O vice-procurador-geral Eleitoral, Nicolao Dino, arguiu, em questão de ordem, no reinício da sessão na tarde desta sexta-feira (9) no Tribunal Superior Eleitoral (TSE), o impedimento do ministro Admar Gonzaga, para analisar os processos que pedem a cassação da chapa da ex-presidente Dilma Rousseff e do atual presidente da República Michel Temer, nas eleições de 2014. Ao suscitar a questão de ordem, Nicolao Dino argumentou que o ministro não deveria participar do julgamento do caso, pois atuou como advogado de Dilma Rousseff nas eleições de 2010, que também estava contaminada pela prática da caixa dois.

Tal fato, segundo o vice-PGE, ficou bem demonstrado no voto do ministro relator Herman Benjamin, na manhã desta sexta-feira. “Ficou bem claro na fundamentação que todos os fatos relativos ao abuso de poder econômico, notadamente a irrigação do caixa 2 mediante recursos da Odebrecht, apontam para, usando as palavras de Sua Excelência, a ocorrência de uma relação de trato sucessivo que vem desde campanhas presidenciais pretéritas, notadamente a campanha presidencial de 2010”, ressaltou Dino.

“Nessas condições, considerando o disposto no artigo 144, inciso I, do Código de Processo Civil, e tendo em vista essa relação de trato sucessivo, o processo deve ser visto em sua largueza necessária, e essa é a razão pela qual o Ministério Público argui, com a mais respeitosa vênia, o impedimento de sua excelência”, concluiu o vice-PGE. Nicolao Dino lembra que Gonzaga atuou como advogado da ex-presidente na eleição de 2010, e inclusive, consta na prestação de contas relativas à campanha presidencial daquele ano a remuneração pelos serviços por ele prestados na condição de seu advogado.

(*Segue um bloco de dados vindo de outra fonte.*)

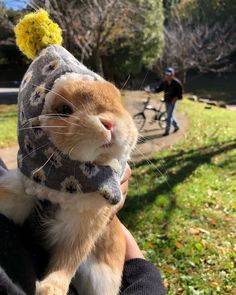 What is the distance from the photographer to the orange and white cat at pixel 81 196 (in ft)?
4.81

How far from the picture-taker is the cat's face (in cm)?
144

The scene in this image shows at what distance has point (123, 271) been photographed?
77.9 inches

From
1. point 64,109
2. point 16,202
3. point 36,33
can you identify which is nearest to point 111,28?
point 36,33

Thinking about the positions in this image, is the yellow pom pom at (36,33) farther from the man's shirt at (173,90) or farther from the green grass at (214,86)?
the green grass at (214,86)

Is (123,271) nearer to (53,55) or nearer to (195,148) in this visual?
(53,55)

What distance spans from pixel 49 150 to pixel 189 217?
4743 mm

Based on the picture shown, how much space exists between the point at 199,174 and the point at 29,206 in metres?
6.34

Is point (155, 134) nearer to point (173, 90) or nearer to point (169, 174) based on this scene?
point (173, 90)

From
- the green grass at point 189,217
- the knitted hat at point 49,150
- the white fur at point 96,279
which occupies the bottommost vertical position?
the green grass at point 189,217

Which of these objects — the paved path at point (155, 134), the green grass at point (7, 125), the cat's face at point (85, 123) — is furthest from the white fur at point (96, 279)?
the green grass at point (7, 125)

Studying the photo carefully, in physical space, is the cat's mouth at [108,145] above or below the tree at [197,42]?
above

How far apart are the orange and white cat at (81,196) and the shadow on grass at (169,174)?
3977 millimetres

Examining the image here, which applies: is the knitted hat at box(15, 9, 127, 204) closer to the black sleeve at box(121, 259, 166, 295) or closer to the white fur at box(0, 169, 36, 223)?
the white fur at box(0, 169, 36, 223)

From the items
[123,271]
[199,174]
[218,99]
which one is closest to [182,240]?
[199,174] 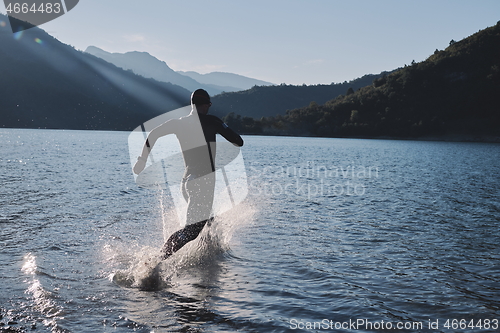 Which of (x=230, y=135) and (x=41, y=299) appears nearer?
(x=41, y=299)

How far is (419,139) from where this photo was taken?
5443 inches

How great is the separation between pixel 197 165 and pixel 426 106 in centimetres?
15488

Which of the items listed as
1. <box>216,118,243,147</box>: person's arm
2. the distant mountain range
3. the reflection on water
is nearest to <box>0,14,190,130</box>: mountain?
the distant mountain range

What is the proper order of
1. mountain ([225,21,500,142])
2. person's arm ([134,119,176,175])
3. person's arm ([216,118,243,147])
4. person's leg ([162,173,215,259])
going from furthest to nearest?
mountain ([225,21,500,142])
person's leg ([162,173,215,259])
person's arm ([216,118,243,147])
person's arm ([134,119,176,175])

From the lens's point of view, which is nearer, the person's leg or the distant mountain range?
the person's leg

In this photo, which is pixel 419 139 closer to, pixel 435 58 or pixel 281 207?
pixel 435 58

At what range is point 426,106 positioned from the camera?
145375mm

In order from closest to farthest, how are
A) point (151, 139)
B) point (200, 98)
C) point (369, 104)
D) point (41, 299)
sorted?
point (41, 299), point (151, 139), point (200, 98), point (369, 104)

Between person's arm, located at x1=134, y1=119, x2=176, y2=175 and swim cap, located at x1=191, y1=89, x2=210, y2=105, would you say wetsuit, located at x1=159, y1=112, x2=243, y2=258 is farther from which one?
swim cap, located at x1=191, y1=89, x2=210, y2=105

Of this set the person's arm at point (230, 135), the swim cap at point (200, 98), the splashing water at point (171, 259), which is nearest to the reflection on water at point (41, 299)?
the splashing water at point (171, 259)

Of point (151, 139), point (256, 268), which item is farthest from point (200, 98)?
point (256, 268)

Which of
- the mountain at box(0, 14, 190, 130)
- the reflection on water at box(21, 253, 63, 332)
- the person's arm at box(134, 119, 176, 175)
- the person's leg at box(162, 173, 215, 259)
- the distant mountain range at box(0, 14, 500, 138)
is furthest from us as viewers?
the mountain at box(0, 14, 190, 130)

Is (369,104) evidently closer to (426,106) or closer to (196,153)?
(426,106)

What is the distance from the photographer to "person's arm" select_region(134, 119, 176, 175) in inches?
246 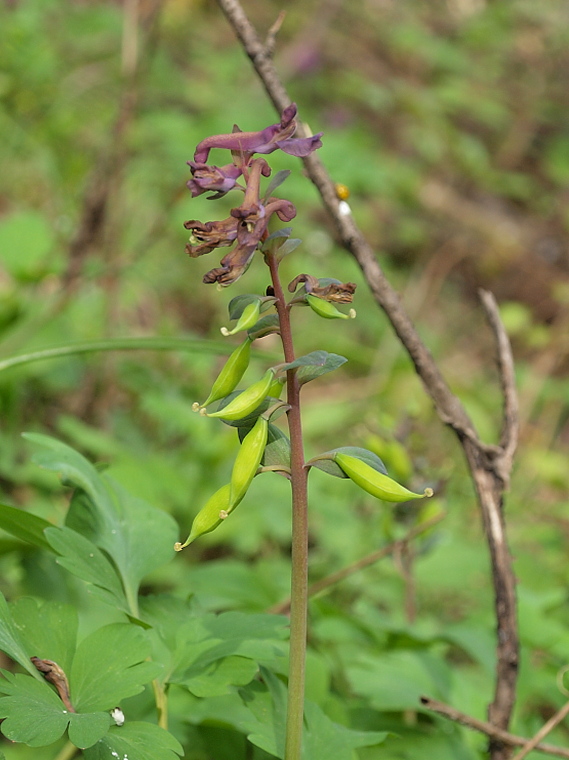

Embora tenha acompanhado os demais ministros, que negaram a questão de ordem apresentada pelo vice-PGE, o ministro Herman Benjamin reconheceu que o impedimento poderia ter sido suscitado em momento anterior do processo. “Não vejo nenhuma má-fé, porque hoje pela manhã ficou muito mais claro esta confusão entre 2010 e 2014”, destacou. Ele defendeu que o TSE deve repensar a forma de composição da Justiça Eleitoral brasileira. “Da própria respeitabilidade objetiva que o Tribunal inspira, não é possível que tenhamos julgadores que nas eleições anteriores foram advogados das partes ou dos partidos”, frisou.

No intervalo da sessão, o Vice-PGE ressaltou que, em toda a história de atuação perante a Justiça Eleitoral, a Procuradoria-Geral Eleitoral sempre prezou pelo respeito e pela lealdade ao TSE e a seus integrantes. O Ministério Público Eleitoral cumpre, porém, seu dever institucional, atuando com a necessária independência funcional, e se pauta pelo princípio da legalidade, o que impõe, inclusive, a arguição de impedimento, a qualquer tempo, por se tratar de ordem pública.